Global blues dragging down UK blue chips: Domestic strength has not been enough to buoy UK stocks
Any drop of 10 per cent or more in the stock market over a short space of time is known as a “correction”. The FTSE 100 is well into correction territory.
The index of the 100 biggest London-listed firms ended 2014 just above 6,500. It then surged past 7,000 to hit a peak of 7,104 in April, but has lost 13 per cent since.
Despite a year of decent UK growth, which is forecast by many to be the fastest in the G7 group of countries again this year, the FTSE 100 could be fortunate to end 2015 above its end-2014 figure, let alone its April peak.
The benchmark index will struggle to to finish above 6,000 this year, says Alastair Winter, chief economist at investment bank Daniel Stewart.
At the start of the year, he said, investors were waiting to see if higher business investment and earnings in the UK would be strong enough to offset slowdowns elsewhere in the world.
“I am more pessimistic than I was then, now that the global slowdown (including the US) is quite a bit worse than I first feared,” he told City A.M.
The markets team at Capital Economics, a consultancy, also believe the UK’s blue-chip index will struggle to reach its 2015 peak, predicting an end-of-year reading of 6,750.
“We doubt that the underperformance of the FTSE 100 reflects concerns about the health of the UK’s economic recovery,” said the firm’s senior UK economist Sam Tombs, who believes the decline is down to a strong pound and a slowdown in China.
The concerns were echoed by analysts at JPMorgan, who also see the FTSE 100 underperforming this year.
So why are stocks performing so badly at a time when the UK economy is putting in a decent performance?
It largely comes down to the fact that FTSE 100 firms are disproportionately exposed to global events.
Oil companies were the first to come under pressure after global crude prices plummeted.
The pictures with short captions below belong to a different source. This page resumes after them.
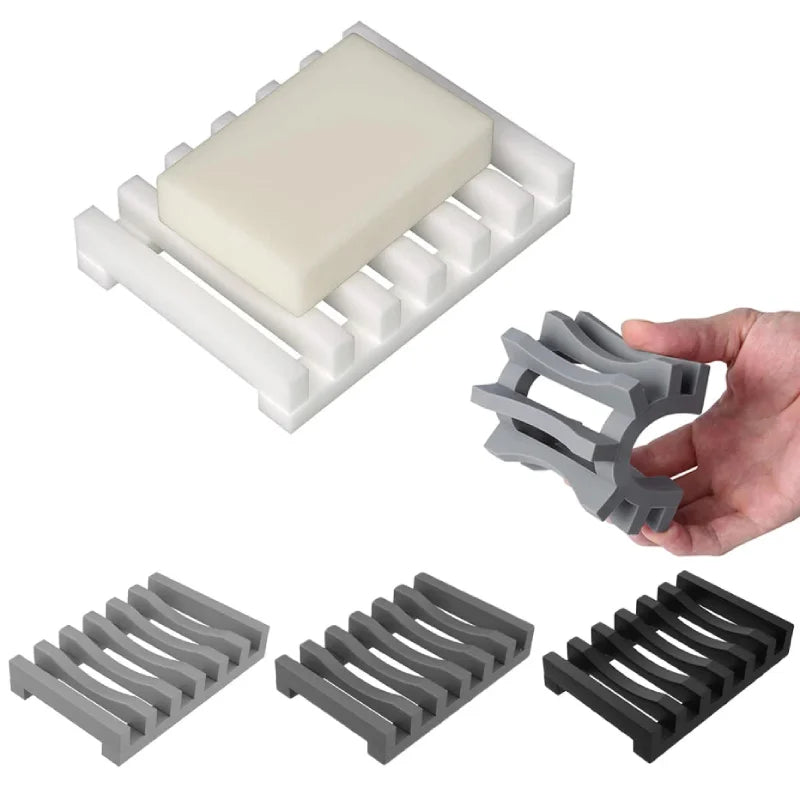Flexible silicone soap holder with wave drainage design for kitchen or bathroom soap saver storage
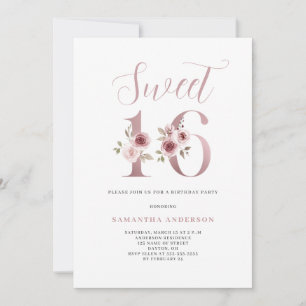Convites Doce Floral Rosa 16 Aniversário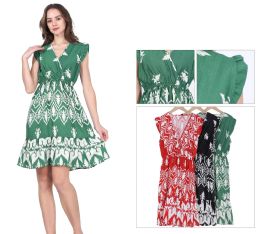 48 Bulk Women's V-Neck Ikat Print Cap Sleeve Ruffle Hem Dress Sizes S/m, L/xl
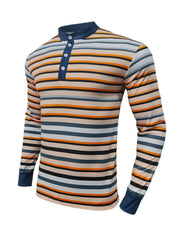 Men's Full Size Rainbow Striped Long Sleeve T-Shirt Plus Size Orange Black Apricot / S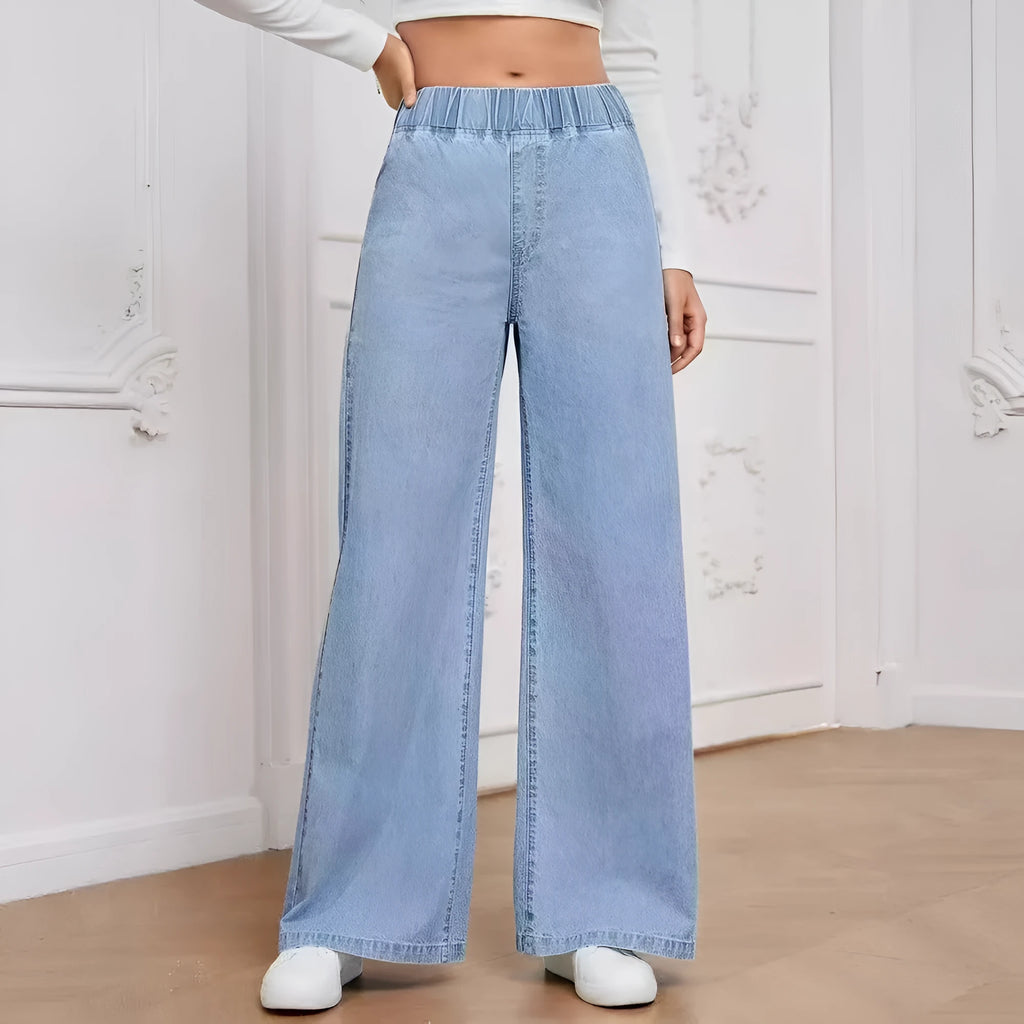 Plus size light blue washed denim wide-leg jeans with straight cut and mid-rise waist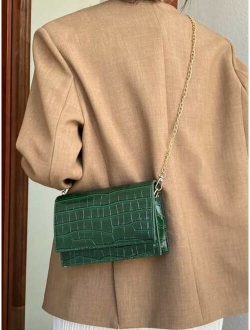 Croc Embossed Chain Flap Bag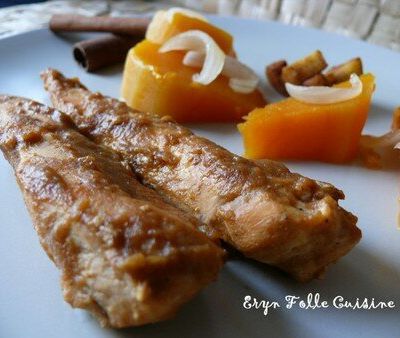 Poulet aux pommes, canelle et vin blanc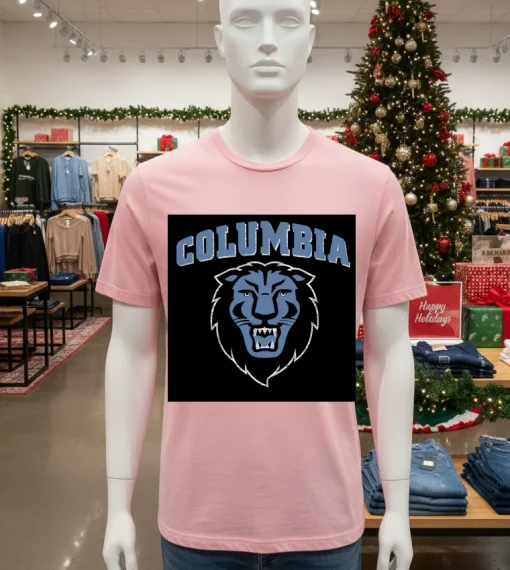 Columbia Lions University Athletics Retro   Pink T Shitr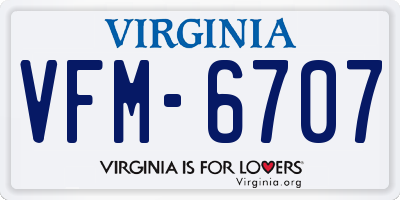 VA license plate VFM6707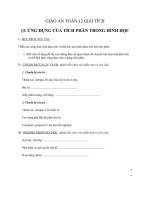 Giáo án Giải tích 12 chương 3 bài 3: Ứng dụng của tích phân trong hình học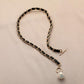 Fashionable Mermaid Bead Braided Leather Rope OT Buckle Short Necklace Niche Design Clavicle Chain Ladies Necklace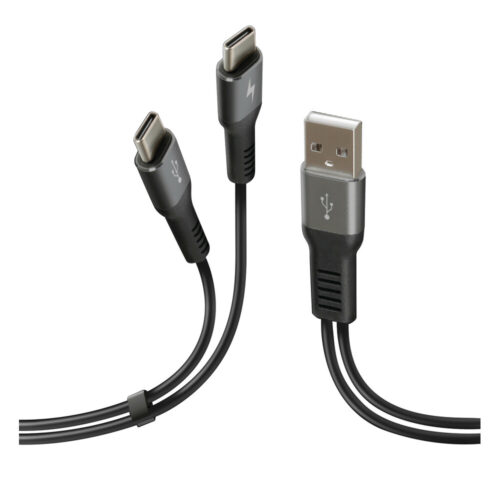 Type-C Cable With Double Connector, Usb - 100 cm - Black - OMS Auto Parts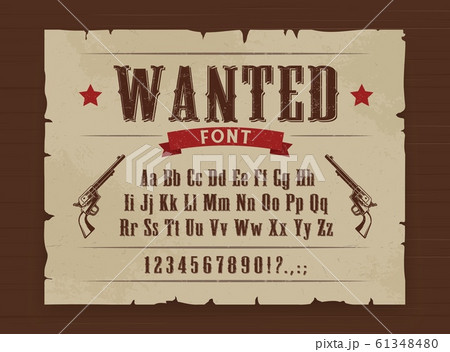 Wild West Wanted Font Poster With Lettersのイラスト素材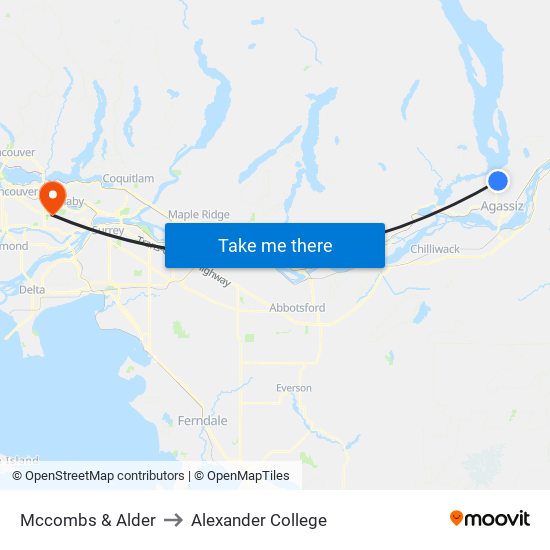 Mccombs & Alder to Alexander College map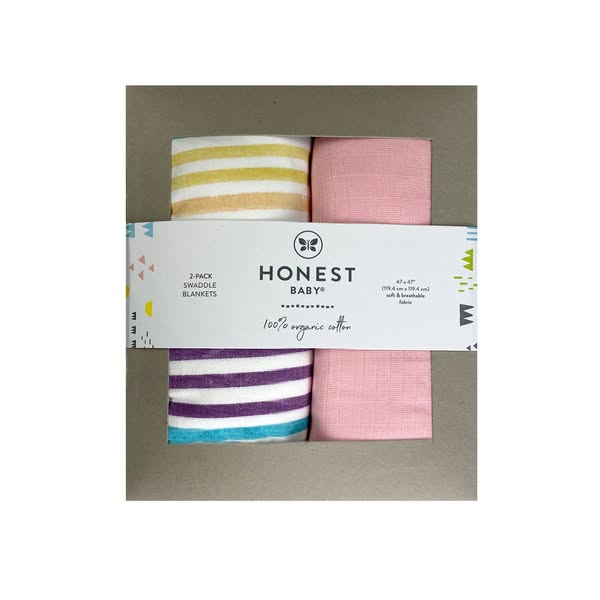 A product shot displays a 2-pack of Honest Baby swaddle blankets in a gray gift box. One blanket is white with colored s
Prices in January were half what they were four months earlier.
Then there has been the strength of sterling. A strong pound can hurt exporters by making their goods more expensive in foreign markets. But it also reduces the value of revenue earned in places like the Eurozone. If a company earned €1m this week, it would exchange to £725,000 when brought back to the UK – compared with £800,000 this time last year. That has hit company earnings.
The strength of the pound is partly due to the euro’s weakness, which has been driven down by the Eurozone’s €1.1 trillion money-creation programme, known as quantitative easing, launched earlier this year.
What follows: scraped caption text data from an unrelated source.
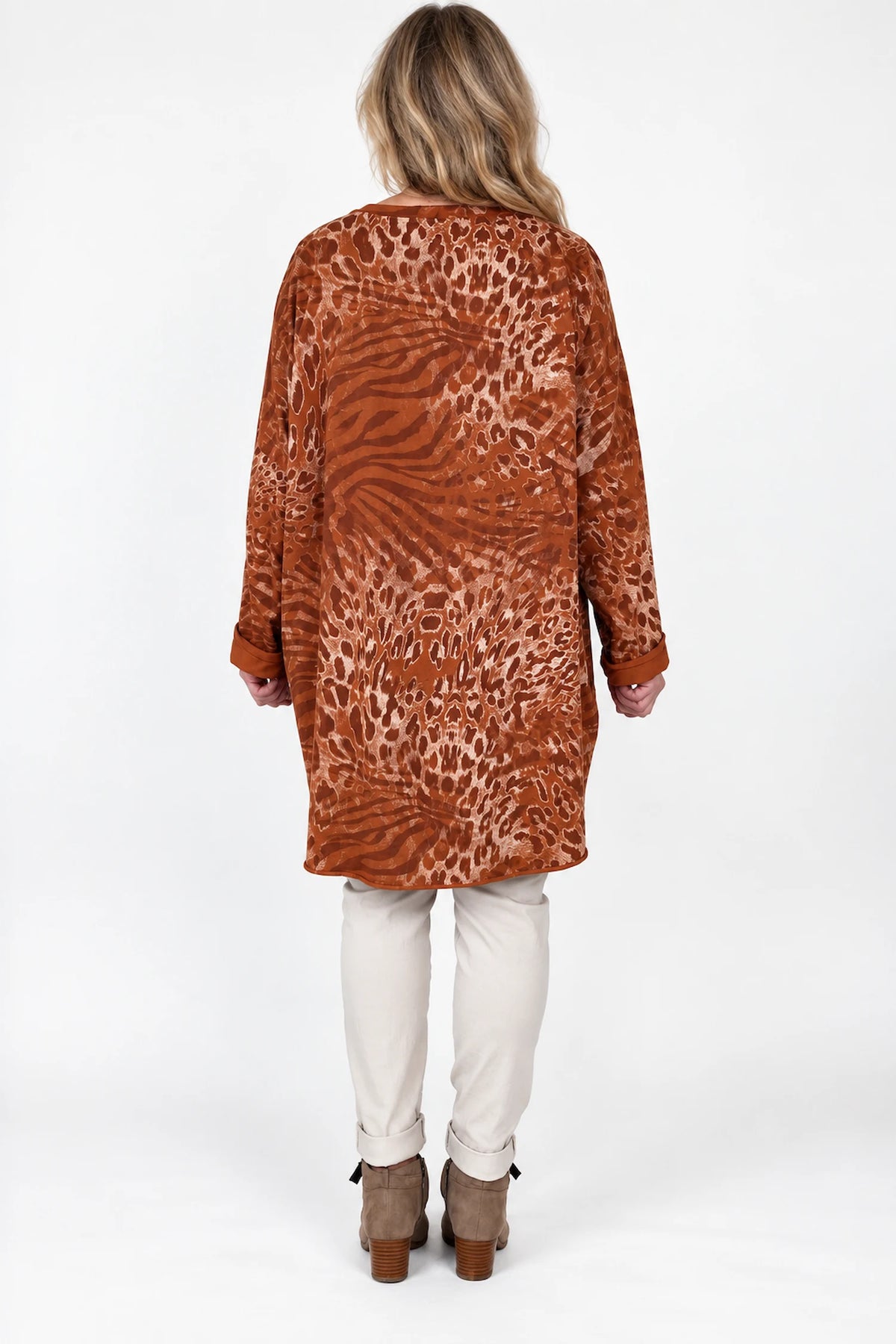 Cotton Tania Leopard Necklace Top - Sunset Orange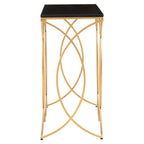 Black Marble Top Console Table with Curved Gold Finish Metal Frame | Kia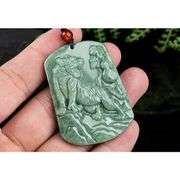Grade A Jade Pendant Necklace Roaring Tiger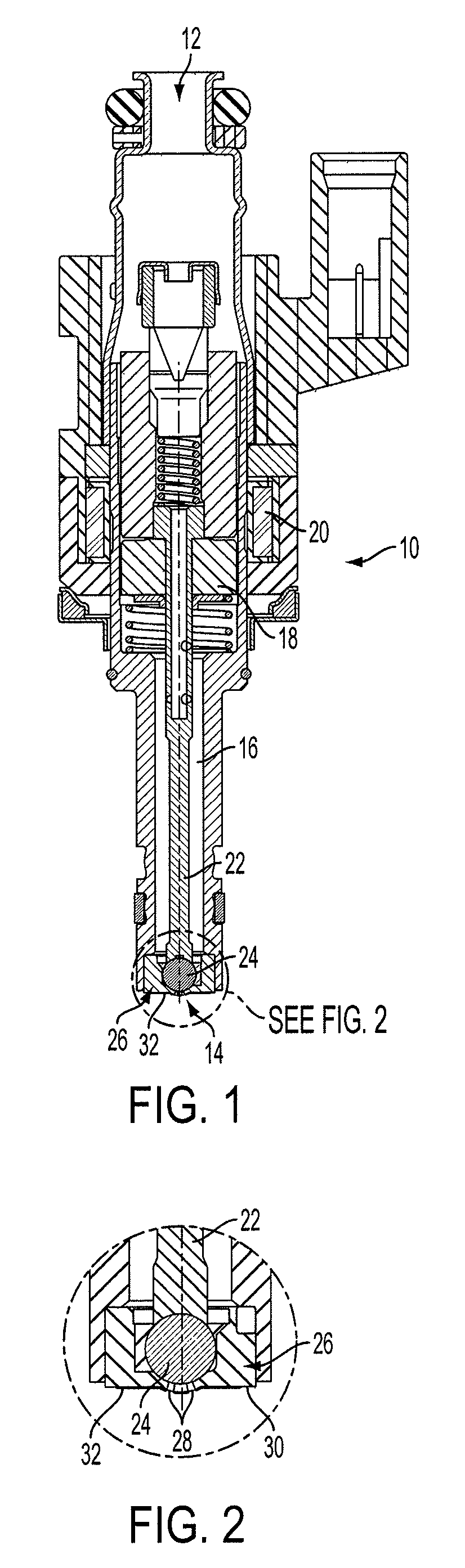 Coated high pressure gasoline injector seat to reduce particle emissions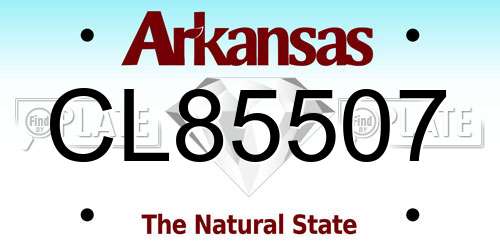 CL85507 Arkansas License Plate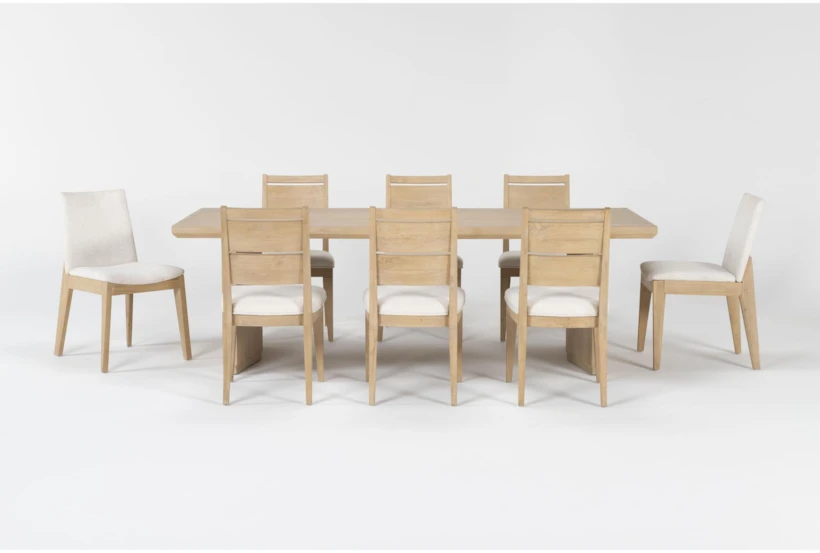 Voyage Natural 94" Trestle Dining With Wood Back + Upholstered Dining Chairs Set For 8 By Nate Berkus + Jeremiah Brent - 360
Another factor has been falling growth in China, a major importer of commodities. Gold and copper prices both hit five-year lows last month, taking a toll on FTSE 100 miners.
While it may struggle to reach the heady heights of April, the FTSE 100 is likely to finish the year on the up, says Capital Economics’s Tombs.
“We think equity prices will find a floor soon and will start to recover,” he said. “The valuation of UK equities looks more attractive than for those in the US, and we think that some of the recent strength of the pound is likely to be reversed, as faster rises in interest rates in the US than markets currently expect support the dollar.”
JP Morgan sees “upside… after the recent correction.”
The FTSE bears may be in the ascendancy right now, but its bulls are expecting the tables to turn.